Cuando se fue el último de los invitados, a eso de las dos de la madrugada, subió a su habitación después de darle las gracias a Jamal por sus esfuerzos. Estaba segura de que dejaría la casa impecable, los del servicio de catering habían dejado la cocina inmaculada, y Sir Winston hacía rato que roncaba en su dormitorio. Hacía un ruido como de cortacésped, pero a ella no le molestaba; al contrario, le encantaba. Dejó el sari sobre una silla, se puso el camisón que Jamal le había dejado preparado, se metió en la cama y cayó dormida tan solo cinco minutos después. Se puso en marcha de nuevo a las siete, en cuanto sonó el despertador. Tenía una larga jornada por delante, estaban cerrando el número de agosto y tenía una reunión relativa a la agenda prevista para el número de septiembre.

Estaba oyendo las propuestas de los editores cuando su secretaria le avisó por el interfono de que John Anderson le llamaba por teléfono. Estuvo a punto de decirle que estaba demasiado ocupada en ese momento y no podía atenderle, pero se lo pensó mejor. Tal vez fuese algo importante. Le había planteado toda una serie de cuestiones cuando se vieron que implicaban respuestas, sobre todo en lo relacionado con el presupuesto.

– Buenos días -dijo John amablemente-. ¿Llamo en mal momento? -preguntó con un deje de inocencia que a ella le hizo reír. En su día a día, rara vez había un momento que pudiese denominarse bueno. Siempre estaba ocupada, y por lo general sumida en situaciones caóticas.

– No, está bien. La locura habitual de la revista. Estamos cerrando el número de agosto y preparando el de septiembre.

– Lo siento, no quería interrumpir. Solo quería decirte que lo pasé muy bien ayer.

Su voz le resultó más profunda de lo que recordaba, y le sorprendió que le pareciera tan sexy. No habría utilizado esa palabra para describirlo, pero su voz por el teléfono tenía un timbre poderoso y masculino.
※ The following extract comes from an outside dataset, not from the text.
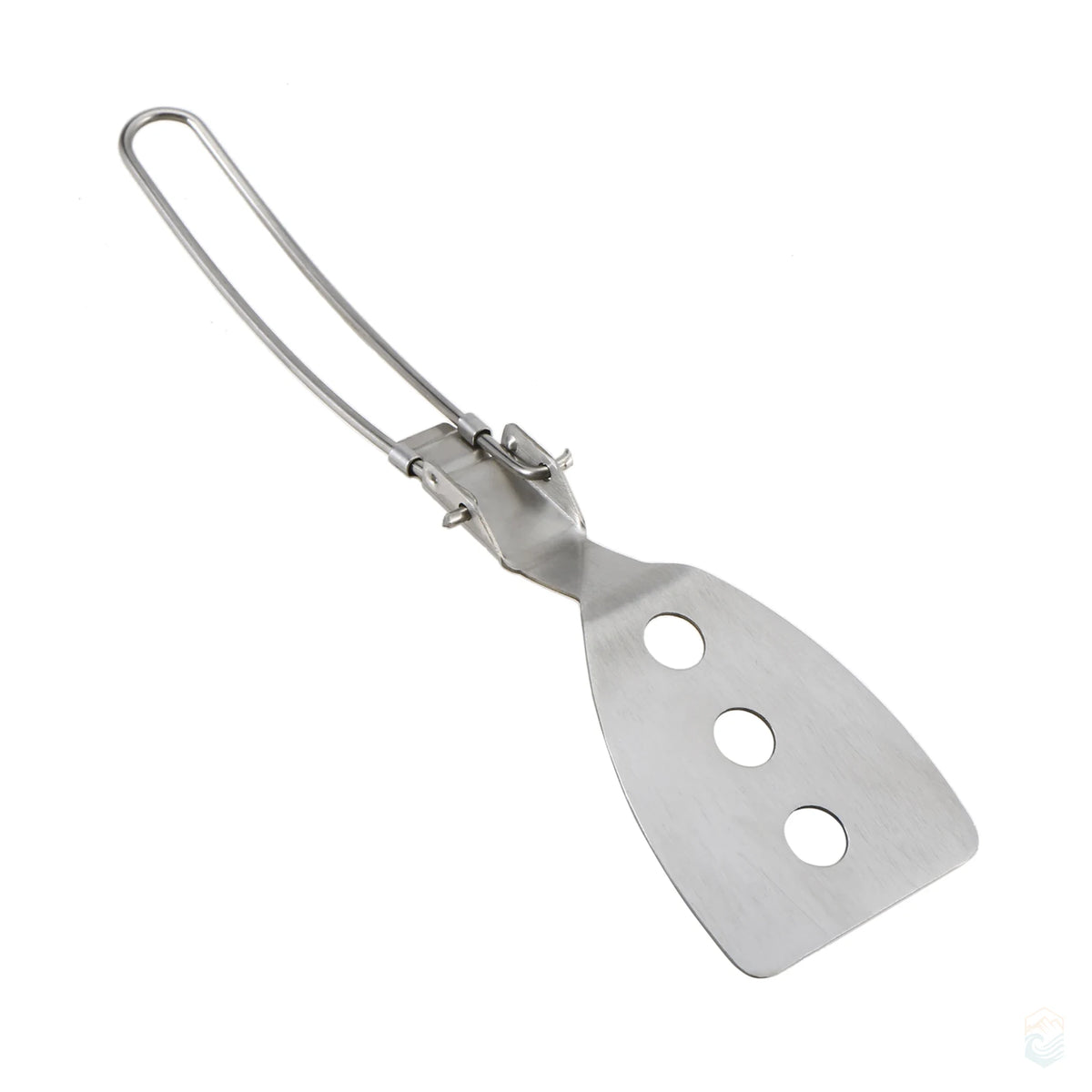 Top-down view of stainless steel folding spatula with three cut-out holes and collapsible wire handle, ideal for compact outdoor cooking and camping use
También respondió a varias de las preguntas que le había planteado, y eso le gustó. Le gustaba trabajar con personas que supiesen llevar a cabo con presteza lo que tenían que hacer. Obviamente, John se había esforzado. Fiona tomó nota de lo que le dijo y él le pidió que después le enviase por fax más información. Ella le dio las gracias y estaba a punto de colgar el teléfono y volver a sumirse en el caos que la rodeaba cuando John dio un giro completamente inesperado y casi pudo oírle reír. Su voz pasó de ser la de un eficiente hombre de negocios a la de algo parecido a un adolescente.